Overleveringswet (OLW)


Artikel 40 1 Uiterlijk tien dagen nadat een verklaring overeenkomstig artikel 39 is afgelegd, beslist de rechtbank of de opgeëiste persoon ter beschikking zal worden gesteld van de uitvaardigende justitiële autoriteit van wie de signalering als bedoeld in artikel 4, eerste en tweede lid, of het Europees aanhoudingsbevel is uitgegaan.

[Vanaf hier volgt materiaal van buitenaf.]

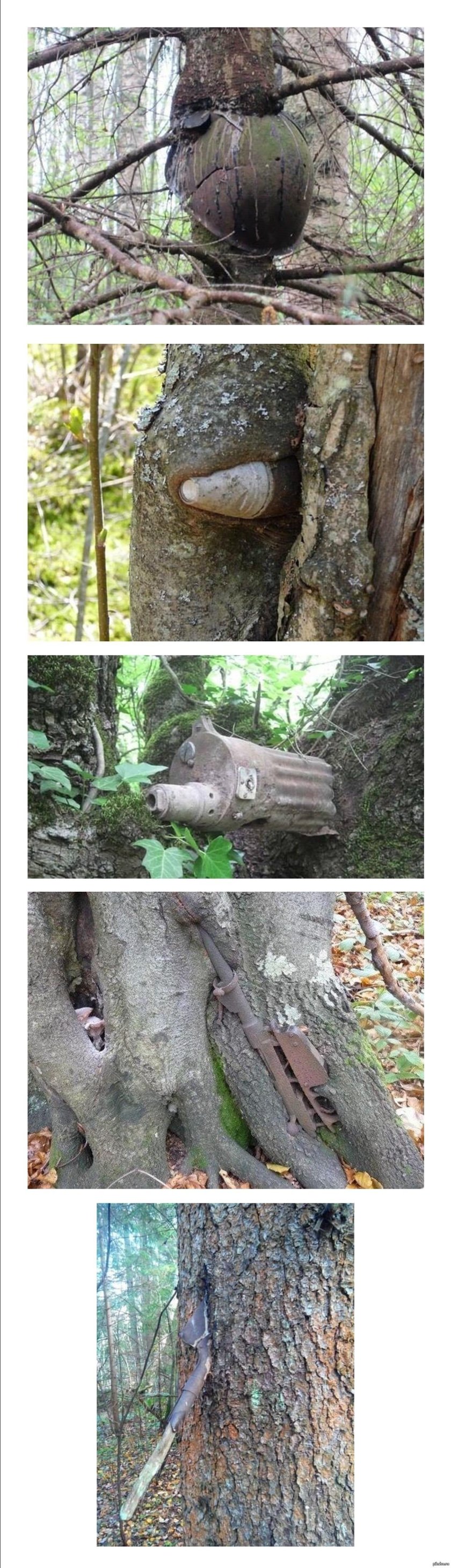 Вещи вросшие в деревья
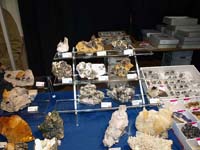 FEM. XIX Feria de Minerales y Fósiles. La Unión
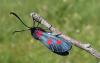 Zygaena sp.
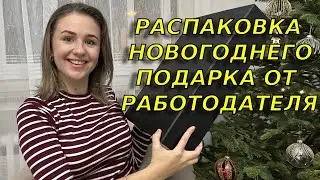 Что мне подарили в немецкой фирме на Новый год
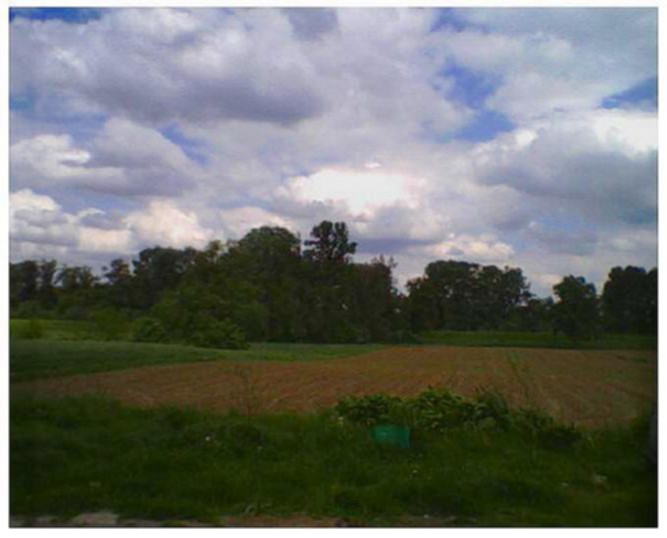CHMURNY DZIEŃ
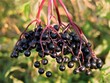elder berries-danewort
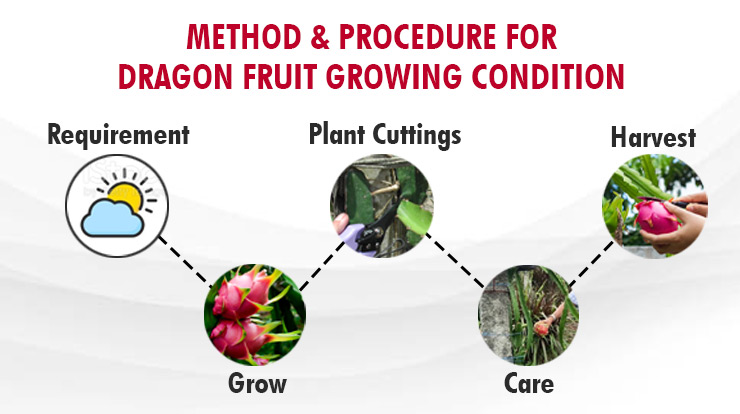Method & Procedure for Dragon Fruit Growing Condition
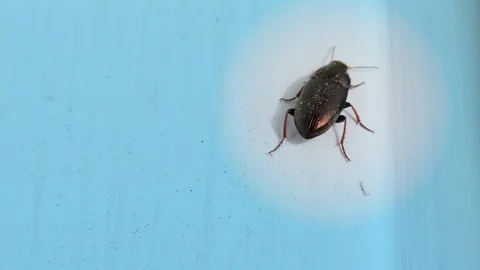 Brown Bug on a Window Sill, Blue Background, Closeup, Detail Stock Footage 126756030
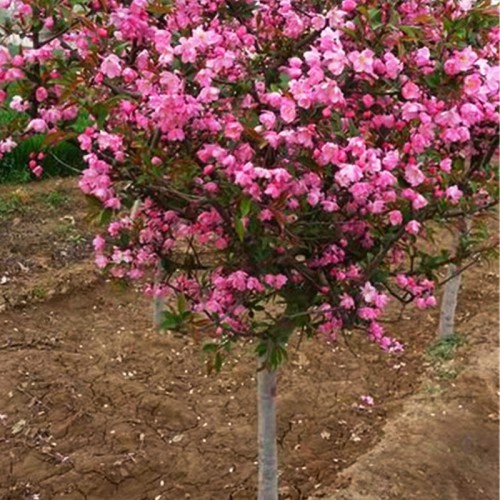 垂丝海棠 种植垂丝海棠基地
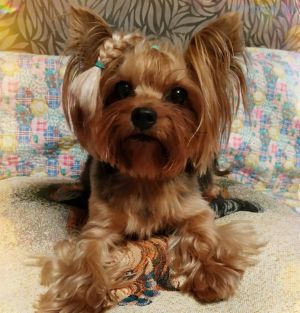Dog Photo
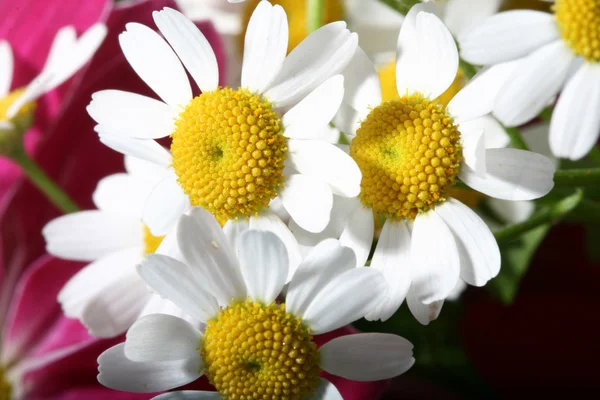 Beautiful White Spring Flower Close — Stock Photo, Image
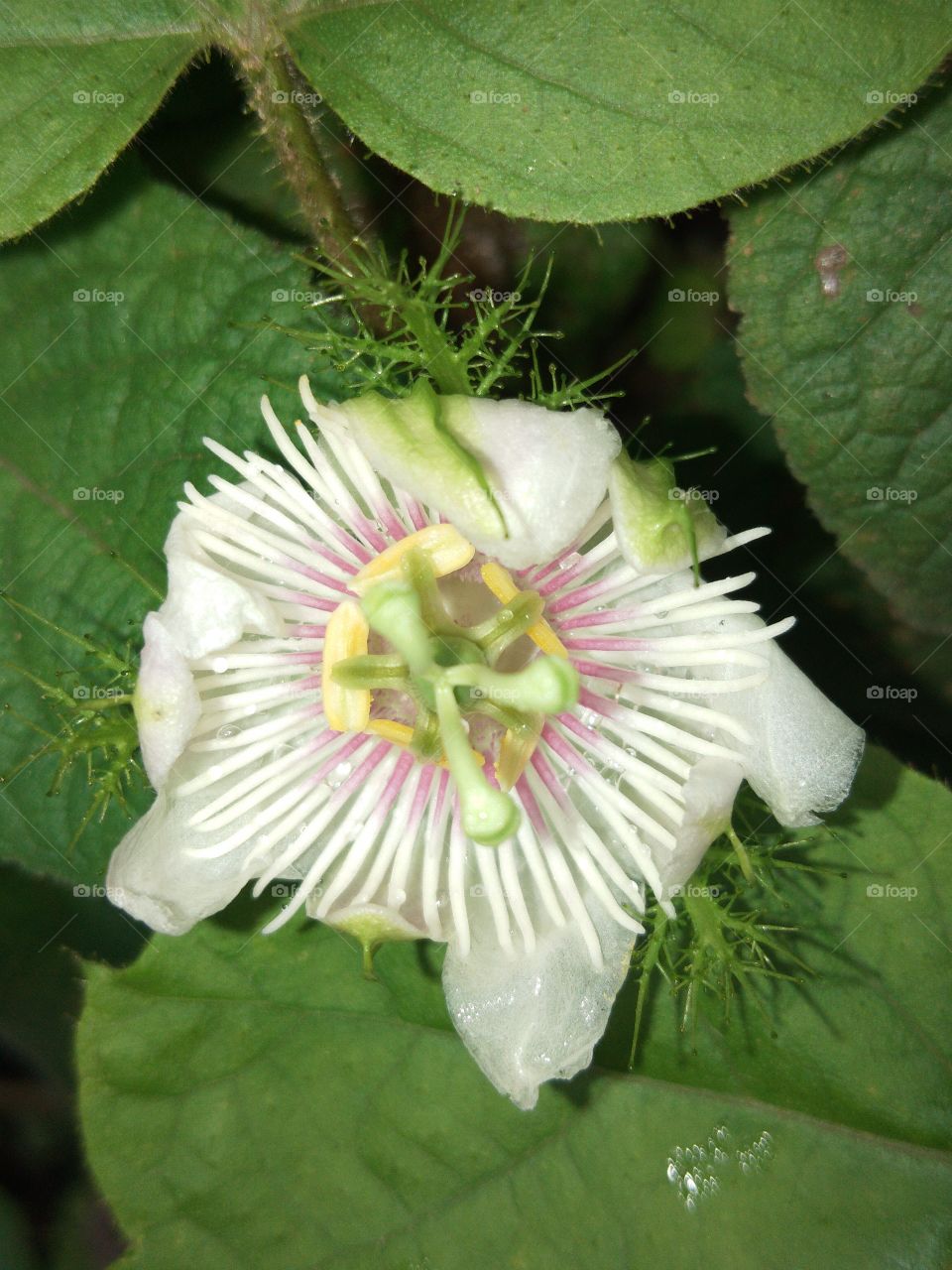 flower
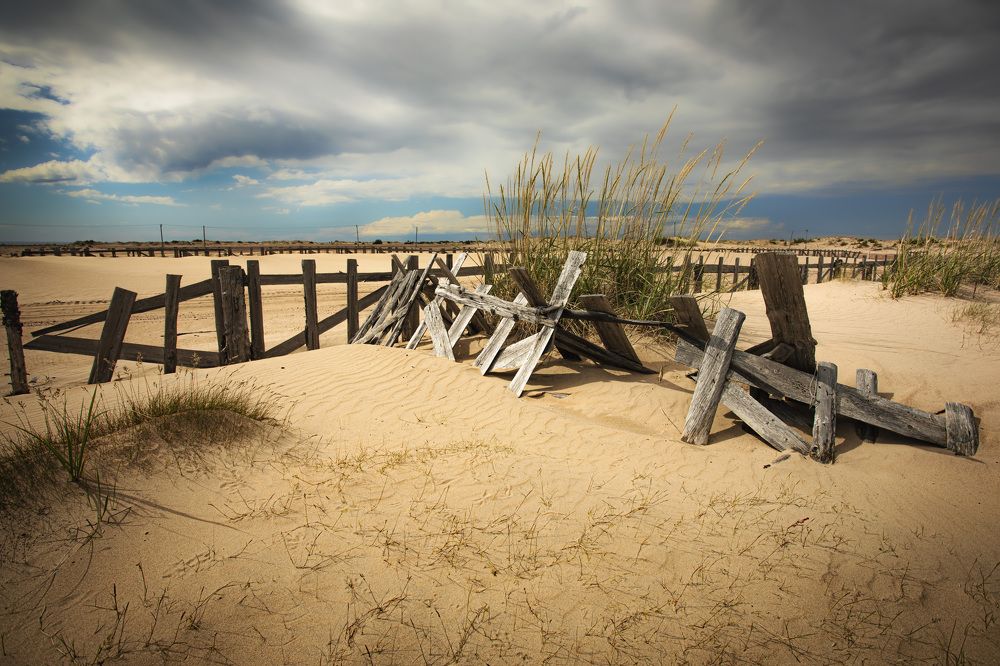 Кузоменские пески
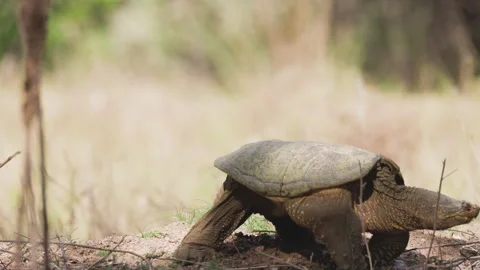 Common Snapping Turtle Digging Nest Along Riverbank in Colorado Video stock 336559457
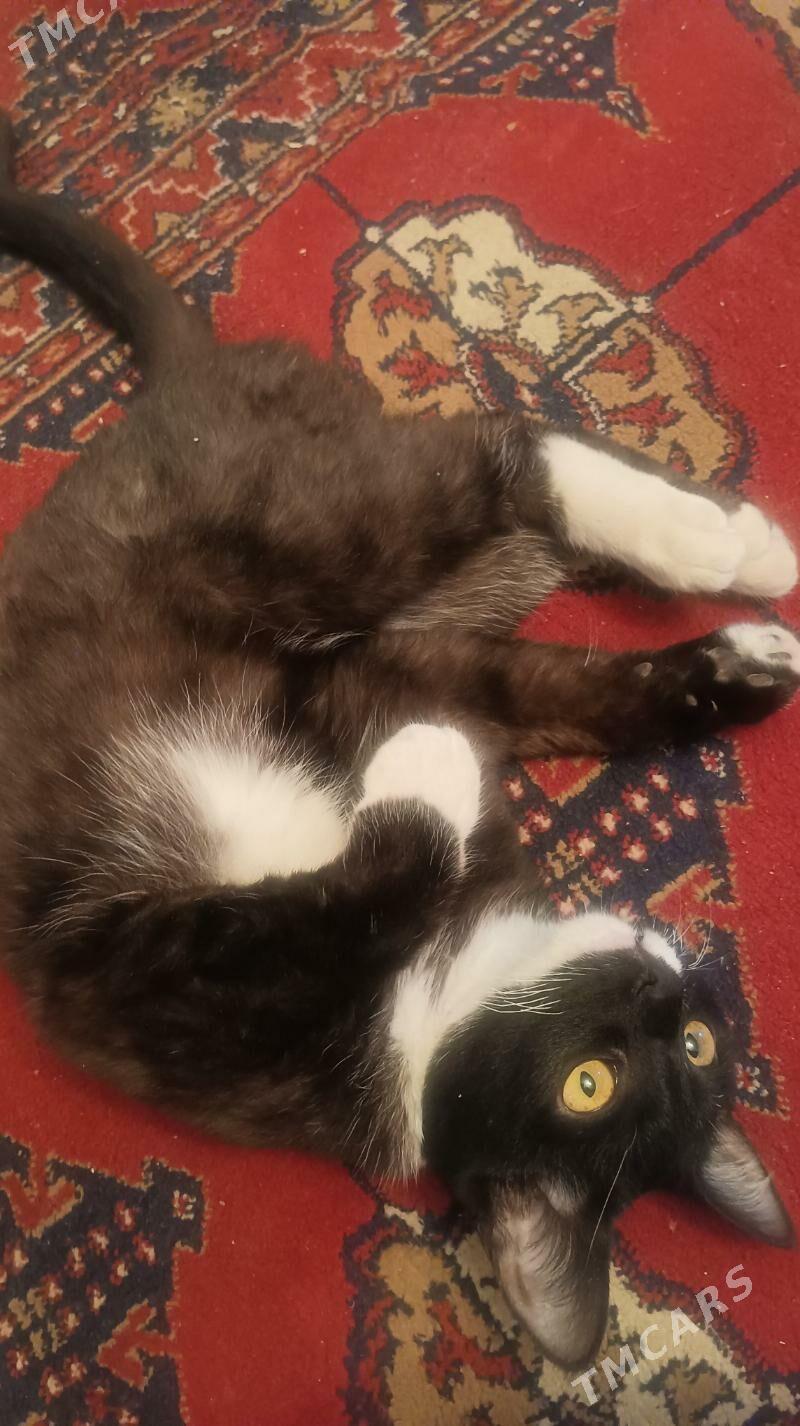 pisik - Дашогуз - img 2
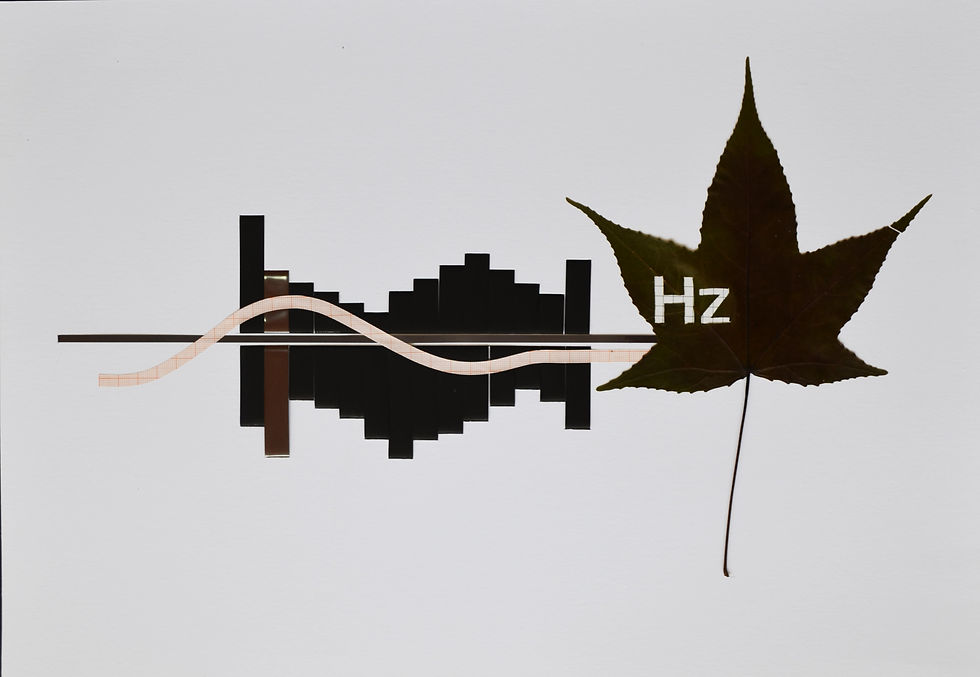 JMoreno 2015. Sound and nature 2 de 2. 50 x 35 cm.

2 Het eerste lid blijft in ieder geval buiten toepassing indien voor het feit of de feiten, in verband waarmee de signalering is gedaan of het Europees aanhoudingsbevel is afgegeven, ingevolge artikel 9, tweede lid, artikel 10 of artikel 11 geen overlevering wordt toegestaan.
3 De rechtbank kan het eerste lid buiten toepassing laten indien blijkt dat tegen de opgeëiste persoon in Nederland een strafrechtelijke vervolging gaande is of dat tegen hem door een Nederlandse rechter een nog geheel of ten dele voor tenuitvoerlegging vatbaar strafvonnis is gewezen.
4 In de beslissing, bedoeld in het eerste lid, worden het feit of de feiten waarvoor de opgeëiste persoon ter beschikking wordt gesteld, de bedingen waaronder de overlevering wordt toegestaan, bedoeld in artikel 14, en, in voorkomend geval, de garantie tot teruglevering, bedoeld in artikel 6, eerste lid, vermeld.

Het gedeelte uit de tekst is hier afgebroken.